The point here should be very clear: this sort of analysis is highly sensitive to which countries are selected for comparison. A few petro states, financial centers, offshoring banking, tourism-driven economies, and other atypical countries will quickly blow this analysis up. Moreover, it already looks as if there is not a simple linear relationship between NHE and GDP in per capita terms.
When KFF et al. say stuff like “While an increasing GDP per capita is associated with increased health spending, the United States is an outlier, spending more than similarly wealthy countries” they imply that GDP is a good measure of “wealth” here and that there is a linear relationship. GDP dramatically and systematically understates US “wealth” (perhaps better phrased as material standard of living) relative to these and other countries (some not shown in their simple analysis). Amongst other issues here, GDP per capita includes net exports (exports minus imports), tourism, banking, and other activity that does not directly contribute to the actual standard of living of the country. There are significant differences between countries of the “same” GDP. A country that derives, say, half of its GDP from exports or from tourism certainly gets economic benefit from that activity in the form of jobs and income, but that activity is not directly producing goods domestically, i.e., a country of the same GDP but that is not reliant of net exports, tourism (as in, tourists spending money on hotels, restaurants, etc), or the like is apt to enjoy a much higher standard of living and higher effective personal incomes than GDP alone would lead you to believe.
So, with that in mind, here are three graphs to illustrate some differences between the United States and the OECD countries that we are frequently compared to (including some other very high GDP countries to make this point very clear).
Per Capita Components of GDP (OECD)
Per Capita Individual Consumption Expenditures (OECD)
Core Components of GDP amongst top 16 countries by GDP per capita (PPP-adjusted)
Long story short, GDP ought to be interpreted with a huge grain of salt if we are claiming to predict material living conditions and/or prevailing wages (note: healthcare is man-power intensive and does not scale like, say, manufacturing can in rich countries). To reinforce this point, and to highlight the double-standard of the nationalized healthcare proponents, vis-a-vis “it can only be because our system is (or is not) X”, here is a graph showing tertiary education expenditures in US versus other countries. Seeing a pattern here yet?
Note: They did not use a linear projection here (unlike with healthcare) and still we are way above trend.
There are much better measures of “wealth” for our purposes here and this significantly tighten up these relationships.
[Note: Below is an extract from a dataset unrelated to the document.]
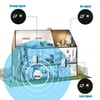 BoostPro™ WiFi Repeater: 300M Wireless Signal Amplifier and Reliable Signal Booster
No measure is perfect, but some of them are much less broken than others for our purposes here. Because this data is readily available from the World Bank, let’s go with several measures used by the World Bank:
GDP and Actual Individual Consumption
GDP and GDP per capita are the measures most commonly used to compare the economic size of countries and the economic welfare of their populations (when economic welfare is measured by the volume of individual goods and services consumed). But they are summary measures. GDP, for example, says nothing about the distribution of income within a country, while GDP per head has limitations as a measure of economic welfare. Not only does it cover the goods and services that resident households consume to satisfy their individual needs, it also includes services, such as defense, police and fire protection, that governments produce to meet the collective needs of the community, as well as gross fixed capital formation and net exports neither of which constitute final consumption.
A possible alternative to GDP would be individual consumption expenditure of households, but for the different ways health and education services are financed in countries.
In some countries, governments or non-profit institutions serving households (NPISHs) provide the greater part of health and education services and these expenditures are included in the individual consumption expenditure of government or NPISHs. In other countries, households purchase nearly all health and education services from market producers and these expenditures are included in individual consumption expenditure of households. In these circumstances, individual consumption expenditure of households is not the correct measure with which to compare the volumes of individual goods and services actually consumed in different countries. Household in countries where government or NPISHs are the main providers of health and education services will appear to consume a smaller volume of goods and services than households in countries where households pay directly for the bulk of these services.
To overcome this problem, the ICP has, from the beginning, added the individual consumption expenditures of government and NPISHs to the individual consumption expenditure of households to derive the consumption expenditure of the population. On a per capita basis, this is a better measure of the economic welfare of households as it comprises only the individual goods and services that households actually consume. It covers all such goods irrespective of whether they are purchased by households themselves or are provided as social transfers in kind by government or NPISHs. Two decades later the concept was adopted by national accountants. It is referred to as actual individual consumption in the System of National Accounts 1993.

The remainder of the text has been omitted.